Хотелось бы подчеркнуть, что в сложившихся обстоятельствах законодательство, регулирующее уголовное судопроизводство, тем не менее создавало больше возможностей для материальной компенсации моральных переживаний, нежели действовавшее тогда законодательство гражданское.

Во-первых, принятый 27 октября 1960 г. Уголовно-процессуальный кодекс РСФСР впервые в российском законодательстве легализовал термин «моральный вред».[158] В ст. 53 данного Кодекса, в частности, говорится: «Потерпевшим признается лицо, которому преступлением причинен моральный, физический или имущественный вред».[159]
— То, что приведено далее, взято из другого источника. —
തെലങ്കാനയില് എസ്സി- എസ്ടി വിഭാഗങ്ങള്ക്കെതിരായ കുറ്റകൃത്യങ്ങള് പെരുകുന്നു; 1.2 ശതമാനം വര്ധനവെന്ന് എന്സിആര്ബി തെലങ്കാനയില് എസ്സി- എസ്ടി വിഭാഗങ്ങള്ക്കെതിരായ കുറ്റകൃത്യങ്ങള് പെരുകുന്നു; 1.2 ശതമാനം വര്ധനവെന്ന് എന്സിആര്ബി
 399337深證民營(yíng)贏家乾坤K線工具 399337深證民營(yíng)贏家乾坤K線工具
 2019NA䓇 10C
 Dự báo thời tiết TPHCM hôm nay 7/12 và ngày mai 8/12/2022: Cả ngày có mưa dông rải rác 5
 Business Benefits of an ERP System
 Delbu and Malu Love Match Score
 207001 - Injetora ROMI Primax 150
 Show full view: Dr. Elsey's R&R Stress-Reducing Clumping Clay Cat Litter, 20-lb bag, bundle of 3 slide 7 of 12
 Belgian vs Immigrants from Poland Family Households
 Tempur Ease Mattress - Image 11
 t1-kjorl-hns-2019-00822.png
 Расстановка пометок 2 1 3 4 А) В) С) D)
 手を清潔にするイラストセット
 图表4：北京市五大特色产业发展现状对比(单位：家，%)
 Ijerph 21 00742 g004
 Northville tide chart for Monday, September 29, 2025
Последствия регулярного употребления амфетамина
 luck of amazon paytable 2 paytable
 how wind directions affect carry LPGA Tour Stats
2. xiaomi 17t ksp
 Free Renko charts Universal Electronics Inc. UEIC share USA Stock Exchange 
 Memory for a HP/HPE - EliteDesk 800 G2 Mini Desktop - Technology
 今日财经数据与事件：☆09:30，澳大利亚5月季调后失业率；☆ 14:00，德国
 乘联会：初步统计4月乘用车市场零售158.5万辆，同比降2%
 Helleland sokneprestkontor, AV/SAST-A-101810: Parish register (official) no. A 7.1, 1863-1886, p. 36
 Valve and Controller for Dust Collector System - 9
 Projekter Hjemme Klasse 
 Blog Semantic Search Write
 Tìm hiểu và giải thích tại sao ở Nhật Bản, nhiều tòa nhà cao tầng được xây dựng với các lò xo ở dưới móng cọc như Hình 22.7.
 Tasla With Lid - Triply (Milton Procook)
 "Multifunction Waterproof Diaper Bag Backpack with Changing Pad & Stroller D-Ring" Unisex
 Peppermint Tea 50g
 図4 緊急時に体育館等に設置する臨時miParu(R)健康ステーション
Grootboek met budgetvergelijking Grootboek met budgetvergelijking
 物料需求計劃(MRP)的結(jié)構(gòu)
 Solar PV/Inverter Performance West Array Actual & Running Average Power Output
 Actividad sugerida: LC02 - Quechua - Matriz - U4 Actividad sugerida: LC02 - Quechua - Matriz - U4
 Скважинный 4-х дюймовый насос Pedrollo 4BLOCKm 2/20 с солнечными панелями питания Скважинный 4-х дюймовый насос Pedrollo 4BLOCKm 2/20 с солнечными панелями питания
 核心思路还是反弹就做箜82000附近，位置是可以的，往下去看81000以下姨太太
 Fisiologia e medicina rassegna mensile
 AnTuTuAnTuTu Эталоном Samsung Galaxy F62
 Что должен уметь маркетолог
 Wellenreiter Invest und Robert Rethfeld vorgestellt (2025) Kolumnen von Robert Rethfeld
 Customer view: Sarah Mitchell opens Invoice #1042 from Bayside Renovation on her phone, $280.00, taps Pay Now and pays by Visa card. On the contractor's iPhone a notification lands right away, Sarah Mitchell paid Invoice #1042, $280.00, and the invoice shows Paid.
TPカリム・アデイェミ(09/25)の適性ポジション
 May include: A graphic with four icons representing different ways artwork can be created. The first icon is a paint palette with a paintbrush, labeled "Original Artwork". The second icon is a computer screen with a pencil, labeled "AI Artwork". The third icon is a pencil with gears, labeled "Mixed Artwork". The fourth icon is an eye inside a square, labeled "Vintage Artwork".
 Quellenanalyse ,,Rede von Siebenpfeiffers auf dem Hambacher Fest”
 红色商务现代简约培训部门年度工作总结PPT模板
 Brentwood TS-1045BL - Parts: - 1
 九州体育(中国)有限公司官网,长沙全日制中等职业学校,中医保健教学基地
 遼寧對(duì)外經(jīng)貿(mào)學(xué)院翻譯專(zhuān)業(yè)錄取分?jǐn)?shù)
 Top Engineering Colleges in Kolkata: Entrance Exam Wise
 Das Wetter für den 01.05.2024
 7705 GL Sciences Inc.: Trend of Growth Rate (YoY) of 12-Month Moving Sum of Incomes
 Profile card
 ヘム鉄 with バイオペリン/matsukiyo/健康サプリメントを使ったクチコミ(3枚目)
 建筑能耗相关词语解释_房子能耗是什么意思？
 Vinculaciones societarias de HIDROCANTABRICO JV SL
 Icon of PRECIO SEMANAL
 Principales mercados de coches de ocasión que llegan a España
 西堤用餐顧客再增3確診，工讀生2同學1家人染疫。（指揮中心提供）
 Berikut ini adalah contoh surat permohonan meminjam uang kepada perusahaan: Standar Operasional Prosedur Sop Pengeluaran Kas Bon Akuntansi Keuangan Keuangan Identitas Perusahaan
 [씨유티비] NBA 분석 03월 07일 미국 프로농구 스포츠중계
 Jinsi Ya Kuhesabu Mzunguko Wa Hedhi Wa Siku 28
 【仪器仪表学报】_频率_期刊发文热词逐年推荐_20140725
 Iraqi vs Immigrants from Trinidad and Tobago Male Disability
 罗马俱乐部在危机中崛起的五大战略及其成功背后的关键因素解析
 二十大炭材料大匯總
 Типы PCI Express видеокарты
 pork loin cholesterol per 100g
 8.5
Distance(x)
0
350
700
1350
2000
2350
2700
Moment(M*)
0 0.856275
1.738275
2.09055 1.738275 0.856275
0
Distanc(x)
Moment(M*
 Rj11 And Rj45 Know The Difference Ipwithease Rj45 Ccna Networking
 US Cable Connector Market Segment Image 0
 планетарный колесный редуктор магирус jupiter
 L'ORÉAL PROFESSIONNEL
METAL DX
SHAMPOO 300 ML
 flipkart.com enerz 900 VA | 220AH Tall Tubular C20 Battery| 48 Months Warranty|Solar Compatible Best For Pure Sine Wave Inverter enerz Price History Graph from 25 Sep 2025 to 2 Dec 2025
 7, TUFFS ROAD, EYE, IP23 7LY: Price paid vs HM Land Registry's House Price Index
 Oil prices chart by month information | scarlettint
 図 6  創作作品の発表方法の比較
Во-вторых, принятый одновременно с Уголовно-процессуальным Уголовный кодекс РСФСР, как и прежний УК РСФСР 1926 г. (ст. 44), в качестве одного из видов наказания предусматривал возложение обязанности загладить причиненный вред (ст. 32). В данной статье, в частности, указывалось: «Исполнение обязанности загладить причиненный вред состоит в непосредственном устранении причиненного вреда своими силами, или в возмещении материального ущерба своими средствами…»[160] Иными словами, можно говорить об очевидном противопоставлении имущественному ущербу других видов вреда. Поскольку о возмещении имущественного ущерба говорится отдельно и при этом в тексте статьи не указывается прямо, об устранении каких видов причиненного вреда идет речь, можно сделать вывод, что здесь имеются в виду два других вида вреда – физический и моральный, из числа упоминавшихся в ст. 53 УПК РСФСР.